RECORD EXCERPTS
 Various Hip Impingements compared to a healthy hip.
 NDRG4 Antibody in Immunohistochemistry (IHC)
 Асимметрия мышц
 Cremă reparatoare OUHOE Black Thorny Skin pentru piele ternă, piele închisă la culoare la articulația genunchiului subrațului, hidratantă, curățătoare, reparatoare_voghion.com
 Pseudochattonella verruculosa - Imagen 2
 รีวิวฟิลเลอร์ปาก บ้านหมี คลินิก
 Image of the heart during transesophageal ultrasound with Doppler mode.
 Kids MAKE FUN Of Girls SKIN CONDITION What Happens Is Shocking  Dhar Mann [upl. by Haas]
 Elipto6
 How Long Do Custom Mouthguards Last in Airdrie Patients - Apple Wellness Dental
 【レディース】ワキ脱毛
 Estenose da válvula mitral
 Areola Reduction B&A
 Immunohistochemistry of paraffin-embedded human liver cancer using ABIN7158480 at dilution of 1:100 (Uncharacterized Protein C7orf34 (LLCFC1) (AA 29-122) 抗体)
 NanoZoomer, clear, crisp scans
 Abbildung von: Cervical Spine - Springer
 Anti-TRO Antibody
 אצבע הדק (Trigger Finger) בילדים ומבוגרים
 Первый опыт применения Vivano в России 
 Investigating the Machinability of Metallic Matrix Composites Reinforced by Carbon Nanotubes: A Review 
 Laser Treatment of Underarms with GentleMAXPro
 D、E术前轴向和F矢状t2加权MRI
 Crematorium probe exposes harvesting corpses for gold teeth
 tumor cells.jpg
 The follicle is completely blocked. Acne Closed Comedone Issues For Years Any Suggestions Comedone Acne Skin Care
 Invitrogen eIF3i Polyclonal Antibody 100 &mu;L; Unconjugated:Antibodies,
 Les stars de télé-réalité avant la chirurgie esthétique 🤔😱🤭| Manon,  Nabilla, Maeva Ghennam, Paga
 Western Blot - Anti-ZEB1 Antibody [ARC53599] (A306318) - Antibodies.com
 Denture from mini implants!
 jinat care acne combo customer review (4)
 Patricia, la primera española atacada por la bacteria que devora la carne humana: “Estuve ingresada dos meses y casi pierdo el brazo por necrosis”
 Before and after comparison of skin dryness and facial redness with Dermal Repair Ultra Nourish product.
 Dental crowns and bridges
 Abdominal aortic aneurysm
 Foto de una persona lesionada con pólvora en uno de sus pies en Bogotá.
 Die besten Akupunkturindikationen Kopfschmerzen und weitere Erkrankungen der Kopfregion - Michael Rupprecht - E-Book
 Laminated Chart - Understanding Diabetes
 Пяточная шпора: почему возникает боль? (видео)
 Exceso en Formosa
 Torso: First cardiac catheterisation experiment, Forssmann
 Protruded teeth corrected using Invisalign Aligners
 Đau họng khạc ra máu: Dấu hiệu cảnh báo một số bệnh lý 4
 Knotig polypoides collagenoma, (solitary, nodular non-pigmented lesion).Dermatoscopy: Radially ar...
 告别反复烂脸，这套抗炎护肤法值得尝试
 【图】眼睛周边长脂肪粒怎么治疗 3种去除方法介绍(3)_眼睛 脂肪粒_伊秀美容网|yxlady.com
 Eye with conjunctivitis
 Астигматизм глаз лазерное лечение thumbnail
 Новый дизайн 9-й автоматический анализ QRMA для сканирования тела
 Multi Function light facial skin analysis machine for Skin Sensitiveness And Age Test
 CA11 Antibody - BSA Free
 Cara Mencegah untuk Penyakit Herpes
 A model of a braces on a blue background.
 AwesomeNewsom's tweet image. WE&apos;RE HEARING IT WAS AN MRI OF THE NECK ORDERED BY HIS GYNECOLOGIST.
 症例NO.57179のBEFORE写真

WORK TO COMPLETE
Note each line of the material holding "Immunohistochemistry" and copy it out.

ANSWER BOX
 NDRG4 Antibody in Immunohistochemistry (IHC)
 Immunohistochemistry of paraffin-embedded human liver cancer using ABIN7158480 at dilution of 1:100 (Uncharacterized Protein C7orf34 (LLCFC1) (AA 29-122) 抗体)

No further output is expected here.